WORK INSTRUCTIONS: Copy the records below exactly, starting at the line that contains "Fresh fruit of" and ending at the line that contains "A modern street"; leave out any pictures.

MATERIAL FOR THIS TASK:
.....
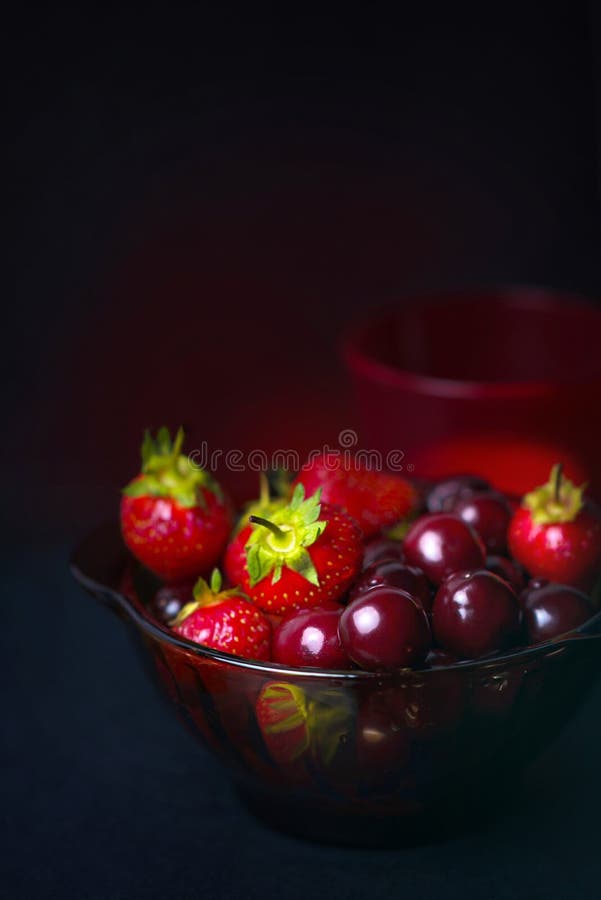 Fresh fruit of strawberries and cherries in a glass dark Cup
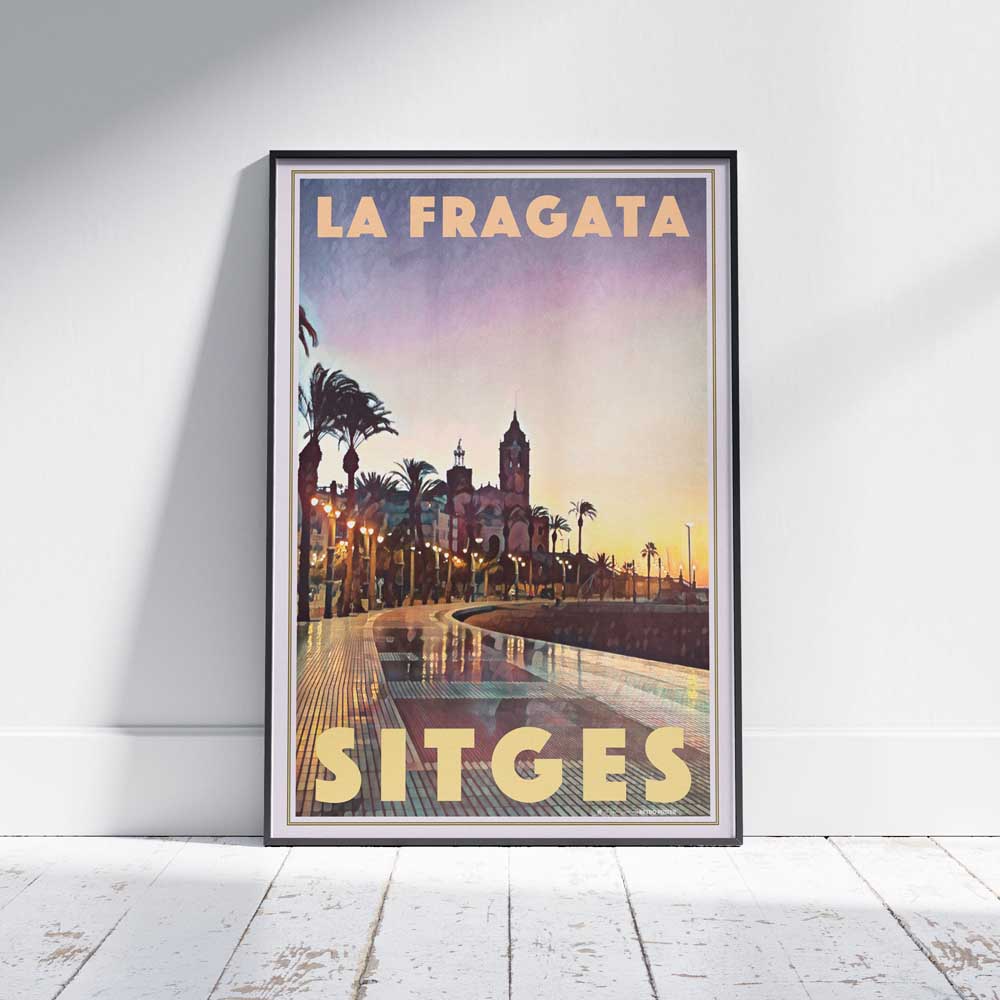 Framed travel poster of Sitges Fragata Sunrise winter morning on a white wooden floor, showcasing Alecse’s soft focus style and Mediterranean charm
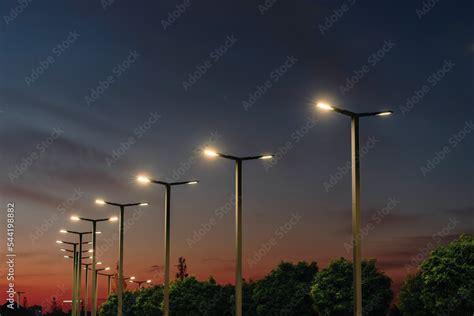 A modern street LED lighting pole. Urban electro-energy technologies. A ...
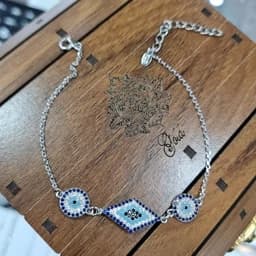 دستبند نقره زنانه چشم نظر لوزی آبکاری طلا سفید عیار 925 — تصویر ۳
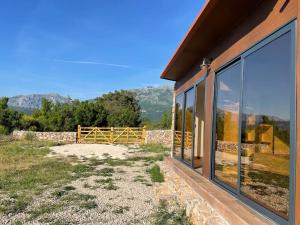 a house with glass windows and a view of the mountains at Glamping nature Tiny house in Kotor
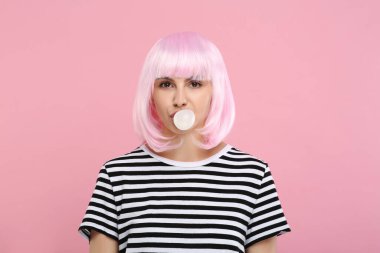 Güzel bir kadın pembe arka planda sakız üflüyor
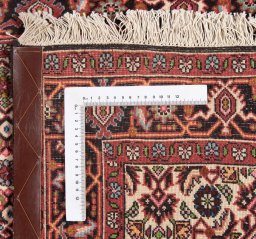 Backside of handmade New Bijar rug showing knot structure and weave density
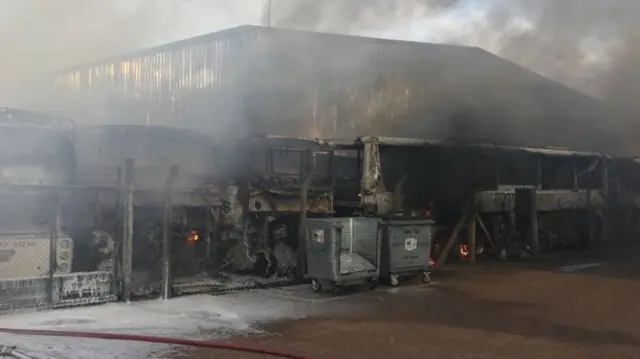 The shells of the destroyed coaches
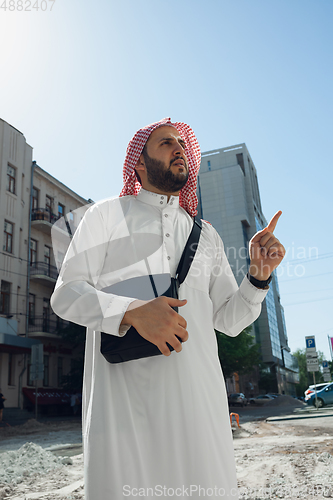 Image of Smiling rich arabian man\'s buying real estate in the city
.....
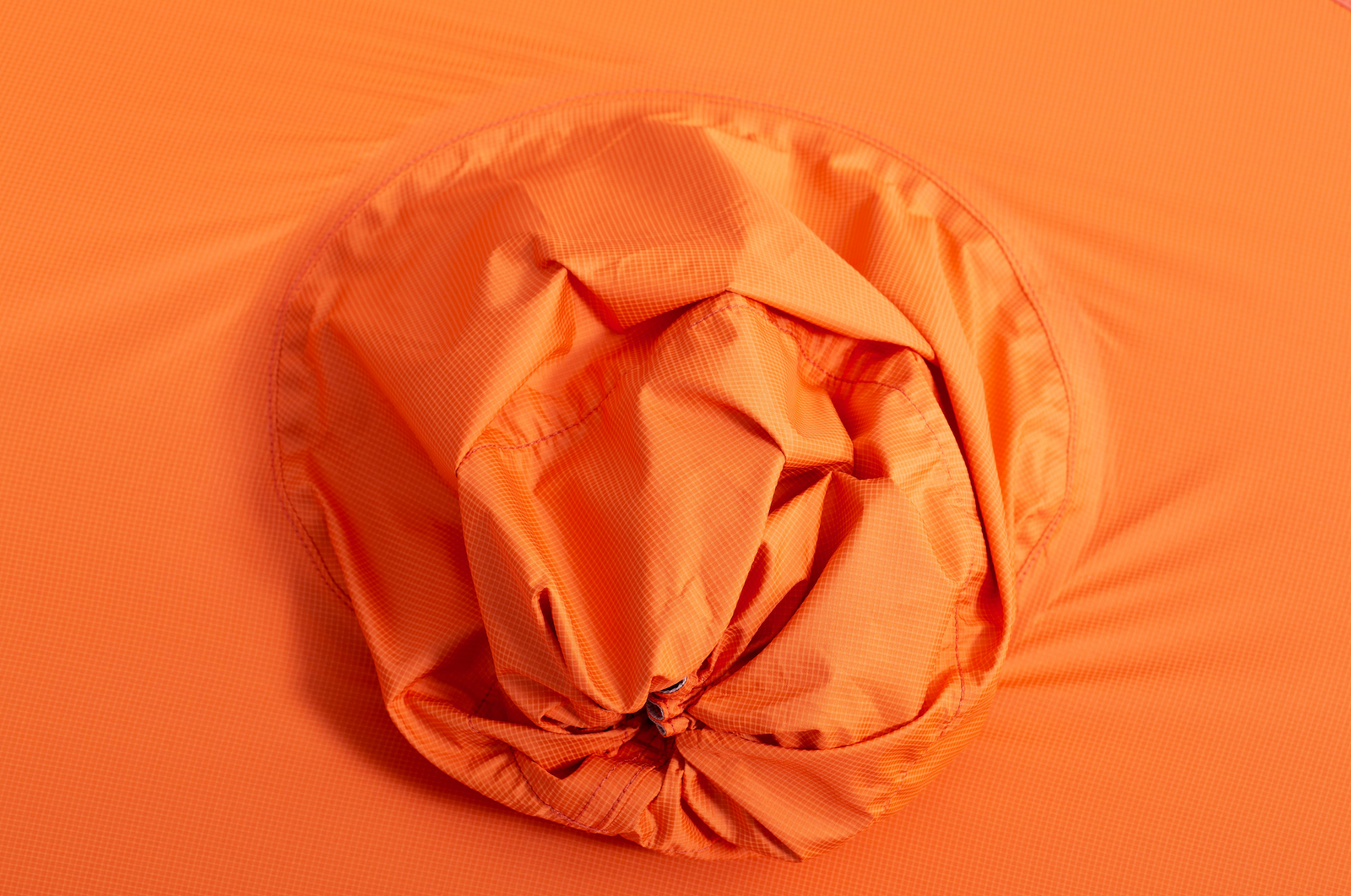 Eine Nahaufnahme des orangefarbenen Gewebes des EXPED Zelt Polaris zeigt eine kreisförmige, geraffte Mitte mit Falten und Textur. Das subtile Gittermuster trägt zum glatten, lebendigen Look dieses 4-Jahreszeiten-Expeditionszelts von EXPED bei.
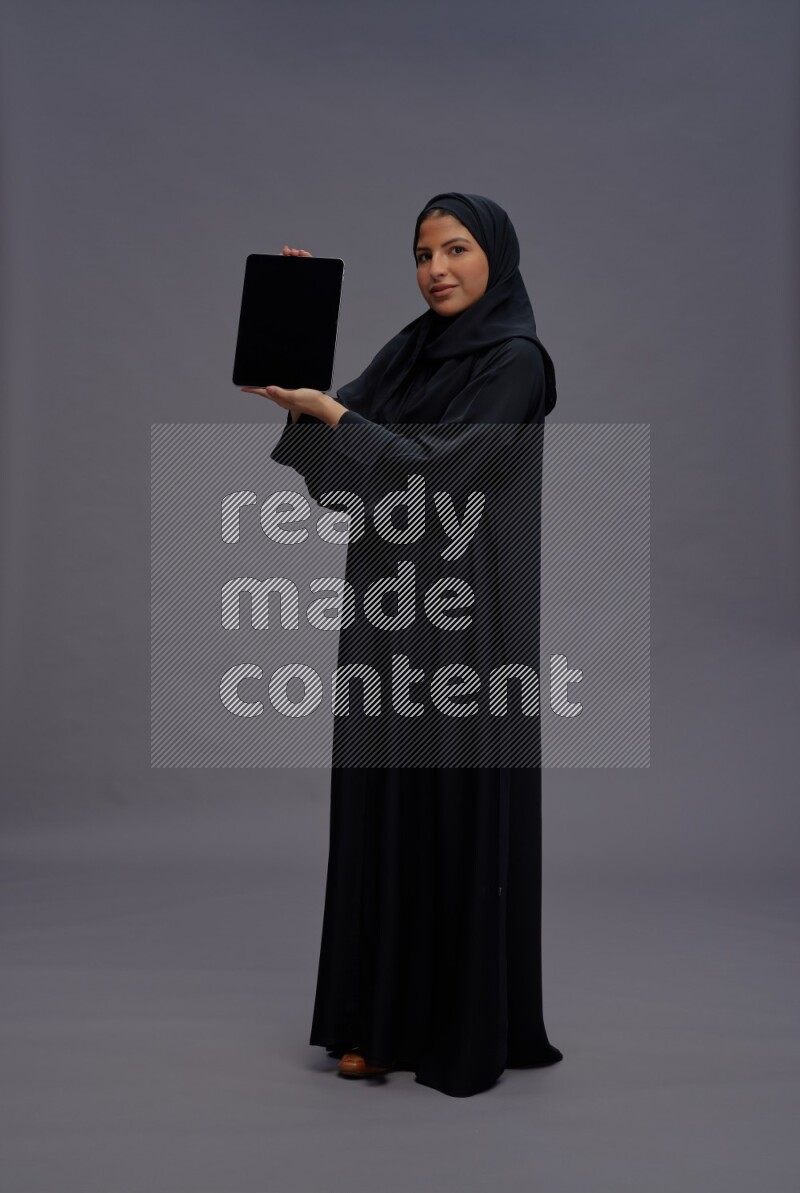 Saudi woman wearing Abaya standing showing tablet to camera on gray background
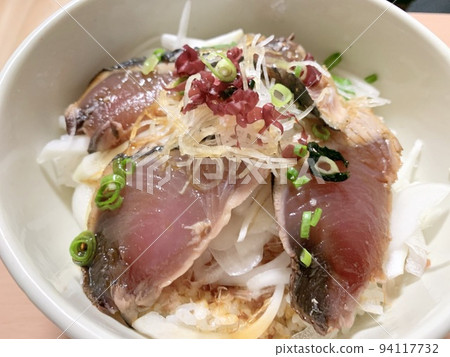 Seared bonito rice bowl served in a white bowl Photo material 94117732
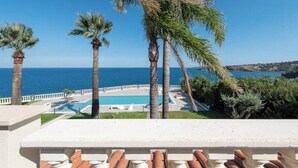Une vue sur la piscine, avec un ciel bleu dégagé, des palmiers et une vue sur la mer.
.....
WRITTEN SOLUTION:
 Fresh fruit of strawberries and cherries in a glass dark Cup
 Framed travel poster of Sitges Fragata Sunrise winter morning on a white wooden floor, showcasing Alecse’s soft focus style and Mediterranean charm
 A modern street LED lighting pole. Urban electro-energy technologies. A ...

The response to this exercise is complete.